You can read this story online HERE.
Next week, I think we'll return to Earth and visit with Swamp Thing.
Thursday, May 3, 2018
The Only Thing He Hadn't Hunted was a Martian
The March 1951 cover of Planet Stories is one of the best known, featuring a dynamic image from Leigh Bracket's novella Black Amazon of Mars, which is also one of her best-known stories.
But that isn't the only version of Mars featured in that issue. Poul Anderson sends us to the Red Planet as well--this one a version of the planet that has a thin atmosphere requiring us poor Earthmen to wear helmets, but also includes an intelligent native species.
"Duel on Syrtis" is set long after man has colonized Mars and gone through a phase in which we were enslaving the natives--called by the derogatory term "owlies" because of their owl-like faces.
Times have changed, though. Slavery is outlawed and there's even talk of giving the Martians the right to vote. This annoys a wealthy big-game hunter named Riordan. He's hunted game all over the solar system--"From the firedrakes of Mercury to the ice crawlers of Pluto, he'd bagged them all. Except, of course, a Martian. That particular game was forbidden now."
But Riordan knows that if you throw enough money at a
problem, you can usually make it go away. Soon, he has information about a
Martian named Kreega, who lives alone in an isolated location. Soon, Riordan is
stalking Kreega with a rifle and a couple of Martian animals analogous to a
hunting bird and a bloodhound.
Kreega, at least at first, is caught outside without any weapons. Despite this, he knows the land and he has a symbiotic relationship with the flora and fauna of the surrounding desert.
But what advantage can the ability to give commands to a small, harmless sand-mouse give the Martian? Perhaps a tad more than Riordan--or the reader--suspects.
This science fiction variation of "The Most Dangerous Game" is a lot of fun, with Anderson carefully setting up the conditions of the hunt that make the brutally ironic ending appropriate and believable. As I've written before, evil big game hunters are pretty much everywhere, but they rarely meet a happy end.
This story has fallen into the public domain, so you can read it HERE.
Thursday, March 17, 2011
Icky mind-controlling octopods!!!
I'm insufferably proud whenever I'm cited as a source in a Wikipedia entry. It doesn't really mean that much, but it helps feed my ego. And my ego is big enough to need a lot of nutrition.
Anyway, the entry on the wonderful pulp magazine Planet Stories cites my book Storytelling in the Pulps, Comics and Radio as a source. (They spell my last name wrong, but what the hey.)
Planet Stories provided a nice balance for science fiction fans of the 1940s. The other great SF pulp was Astounding Stories, edited by John Campbell. Campbell insisted on scientific veracity in the fiction he published, one of several standards he set that helped raise the genre up into the level of true literature.
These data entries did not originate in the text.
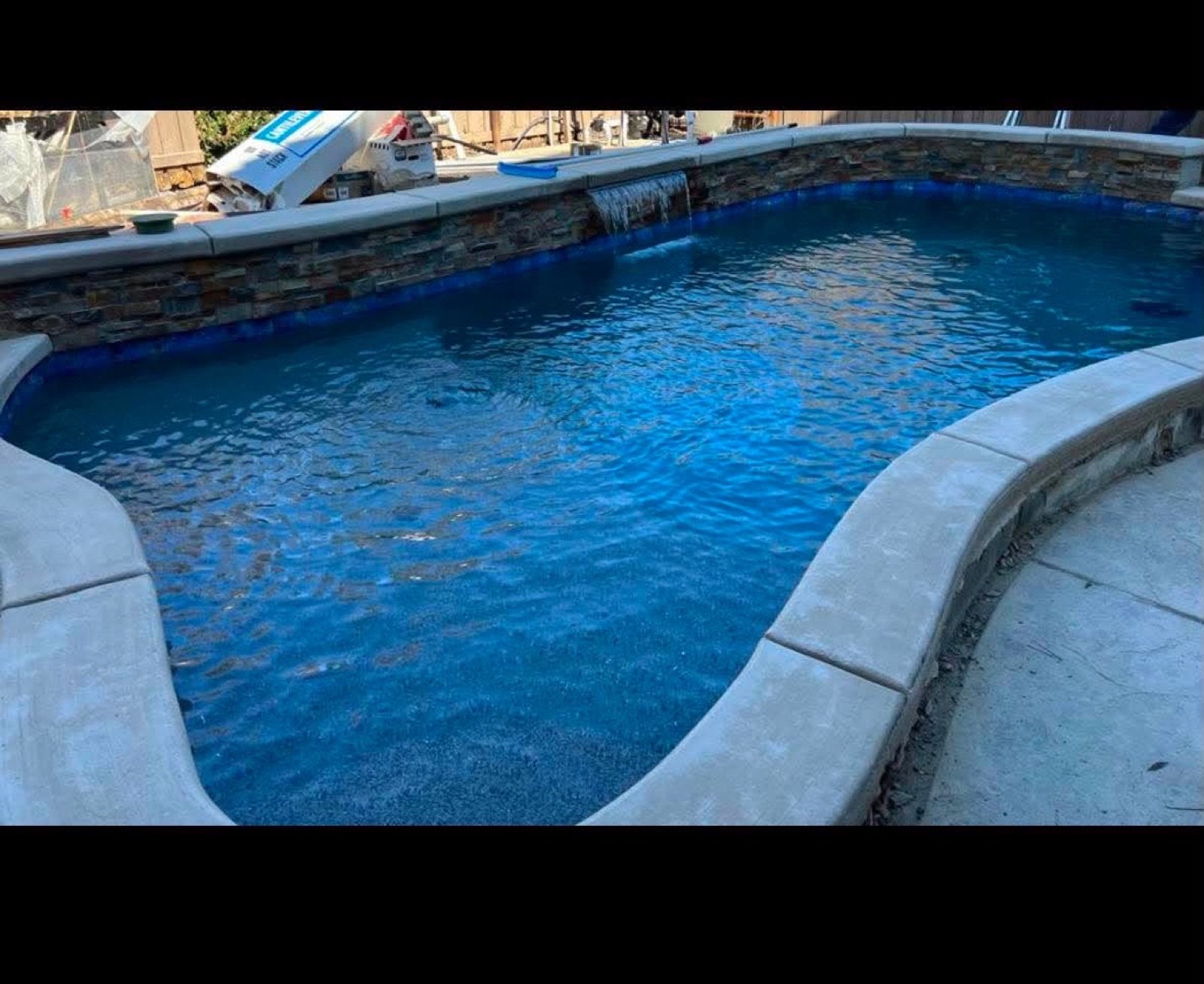 Freeform pool with a dark interior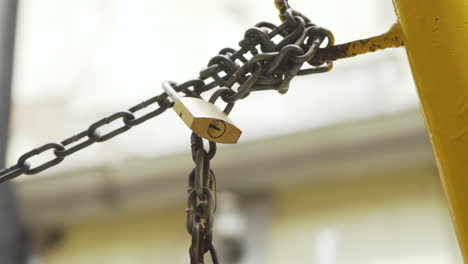 a locked padlock and chain for security in mexico city street
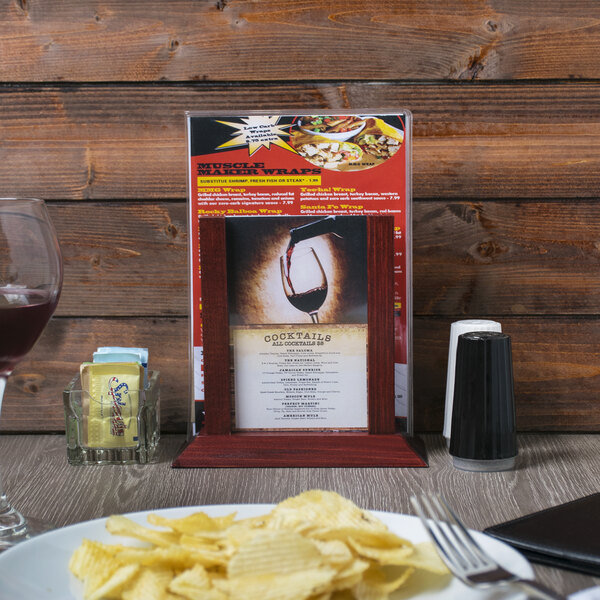 A mahogany wood menu holder with a menu on a table with a plate of potato chips.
But Planet Stories went with pure space operas, eschewing a strict scientific realism to tell straightforward adventure stories. Here, the galaxy was full of planets full of inexplicably human barbarians, bizarre monsters and larger-than-life alien threats. Beautiful princesses in need of rescuing were common as dirt and the average astronaut often had to be as skilled in swordsmanship as in stellar navigation in order to survive.
Planet Stories was the child of Edgar Rice Burroughs' Mars and Venus stories and the grandfather of Star Wars. It was a reminder that not every science fiction story has to be steeped in what might be realistically possible. Sometimes, it's nice to visit a galaxy full of beautiful princesses for a time.
Ray Bradbury and Leigh Brackett (later one of the script writers for The Empire Strikes Back) were the two most important contributors to the magazine. But a lot of other lesser-known writers provided some great stuff. The Winter 1949 issue, for instance, included a short novel by Emmett McDowell titled Sword of Fire.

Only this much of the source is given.